As sobrancelhas da mulher se levantaram para bem acima dos óculos antes que ela começasse a rir, deixando Bree ainda mais irritada.
- Ah, você não é a única a inventar uma história dessas para conseguir falar com o senhor Davenport. – A ofensa a deixou com vontade de derrubar aqueles óculos ridículos no chão.
- Eu não estou inventando, Chase Davenport é meu noivo, olha só! - Afirmou estendendo a mão direita onde o anel dourado ainda estava.
A mulher o encarou com atenção e ainda sem exibir nada parecido com um sorriso.
- Esse anel parece mesmo ser feito de ouro verdadeiro, mas isso não prova nada, você pode muito bem ter roubado.
O tom irônico da mulher fez com que não conseguisse se segurar e elevasse o tom de voz.
- Está me chamando de ladra? – Berrou.
- Senhorita, por favor, se acalme.
- Eu não quero me acalmar, quero ver o meu noivo, ele confirmará toda a história.
- O que está acontecendo aqui? - Perguntou uma voz que conhecia muito bem antes que a “a simpatia em pessoa” tivesse chance de dizer mais alguma coisa.
Ela correu ao seu encontro.
- Meu amor, que bom que você apareceu, você sumiu, mas eu sei que deve haver algum engano, agora fala para essa mulher, por favor, que eu sou sua noiva e que ela pode me deixar entrar.
Todavia ao invés de abraçá-la de volta Chase a empurrou com frieza, algo que nunca havia feito antes e a deixou em choque.
- O que é isso?
- Matilde, eu não conheço essa mulher, deve ser uma maluca, você poderia por gentileza pedir aos seguranças que a coloquem para fora? Obrigada! - Seu tom era frio, e Bree não deixou de notar que ele estava diferente, nem a olhou nos olhos, como ele conseguiu fingir tão bem que realmente nunca a tinha visto? Ele deveria ser um ótimo ator, pelo visto, todas as promessas e declarações também não passavam de uma ilusão, de falas ensaiadas.
- A garota de cabelos morenos sentiu sua garganta se fechar e aquela foi onde seus ataques de pânico começaram.
- O quê? Você não pode fazer isso, Chase, conte logo a verdade! - Berrou com esforço enquanto a água de seus olhos descia para as bochechas.
- Garota, não insita, eu preciso ir.
Ele saiu como se nada tivesse acontecido.

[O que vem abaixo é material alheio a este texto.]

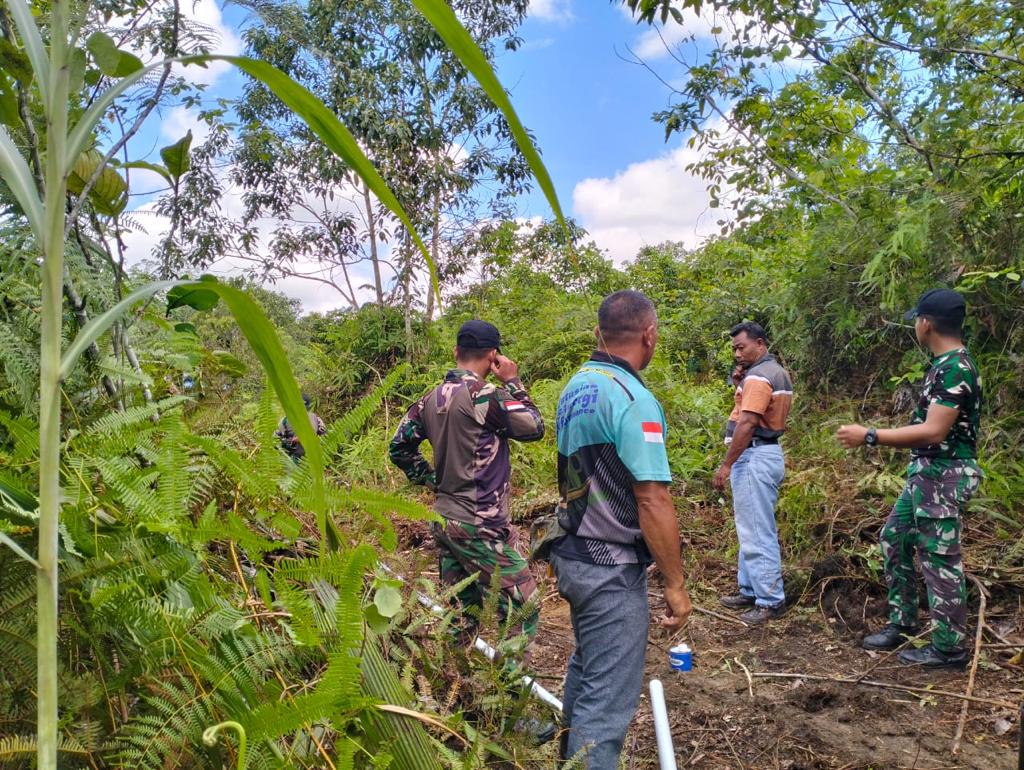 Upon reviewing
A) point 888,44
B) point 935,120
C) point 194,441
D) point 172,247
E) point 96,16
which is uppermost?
point 888,44

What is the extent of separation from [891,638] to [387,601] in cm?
418

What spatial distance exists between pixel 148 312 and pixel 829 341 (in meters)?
7.42

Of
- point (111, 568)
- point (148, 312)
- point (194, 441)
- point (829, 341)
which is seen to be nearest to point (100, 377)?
point (148, 312)

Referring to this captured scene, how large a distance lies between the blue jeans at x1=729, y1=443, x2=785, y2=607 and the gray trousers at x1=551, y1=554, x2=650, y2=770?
2554 mm

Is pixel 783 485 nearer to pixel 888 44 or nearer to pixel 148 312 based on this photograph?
→ pixel 888 44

- Chase, você não pode me deixar aqui, seu estúpido! Eu sou sua noiva, eu sei que você me ama!
Em meio aos berros, sentiu braços fortes a agarrarem e a levarem para fora da empresa, onde ela continuou berrando até sua voz sumir.

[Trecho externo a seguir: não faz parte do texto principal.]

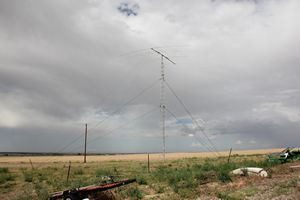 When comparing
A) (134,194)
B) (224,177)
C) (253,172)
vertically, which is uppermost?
(253,172)

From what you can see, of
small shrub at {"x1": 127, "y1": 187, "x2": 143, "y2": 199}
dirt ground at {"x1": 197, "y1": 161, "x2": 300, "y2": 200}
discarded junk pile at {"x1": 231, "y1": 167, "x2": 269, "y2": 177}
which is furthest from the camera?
discarded junk pile at {"x1": 231, "y1": 167, "x2": 269, "y2": 177}

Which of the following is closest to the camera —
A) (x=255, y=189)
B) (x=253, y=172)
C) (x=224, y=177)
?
(x=255, y=189)

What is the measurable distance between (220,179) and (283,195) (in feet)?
19.9

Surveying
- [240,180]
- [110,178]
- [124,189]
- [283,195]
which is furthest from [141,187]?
[283,195]

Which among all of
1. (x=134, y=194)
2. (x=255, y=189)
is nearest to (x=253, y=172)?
(x=255, y=189)

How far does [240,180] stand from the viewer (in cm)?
1959

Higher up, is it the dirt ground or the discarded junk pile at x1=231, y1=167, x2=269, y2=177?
the discarded junk pile at x1=231, y1=167, x2=269, y2=177

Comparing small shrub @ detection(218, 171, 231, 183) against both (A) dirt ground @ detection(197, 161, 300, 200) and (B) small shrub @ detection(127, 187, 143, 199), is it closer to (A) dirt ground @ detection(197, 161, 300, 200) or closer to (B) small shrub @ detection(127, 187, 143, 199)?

Levou semanas para que ela voltasse a falar. E aquela era uma das primeiras vezes que saiu de casa depois daquele fatídico dia, ela não iria deixar que ele arruinasse sua vida para sempre. Não. Ela precisava reagir, então saiu de trás do carro e parou em frente a janela de vidro do restaurante, onde lá estava ele conversando com a loira, mas dessa vez seu coração estava calmo e não havia vontade de chorar, tudo que queria era vê-lo uma última vez antes de apagá-lo de vez de sua mente. Ela costumava chamá-lo de meu futuro esposo, um apelido tão vago que representava apenas planos, planos que nunca iriam se realizar. Isso entrava na sua cabeça aos poucos, somente agora ela estava entendendo que algumas pessoas podiam dizer que te amam em um dia e agirem como se fosse um estranho no dia seguinte, e essas pessoas não merecem nossa atenção. Era assim que ela o chamaria partir de agora, uma pessoa que a causou dor e que ela estava disposta a superar para o seu próprio bem.
E assim, entrou no táxi para voltar para casa, mas não antes de tirar o anel de seu dedo e jogá-lo no chão, afinal, ela não precisaria mais dele.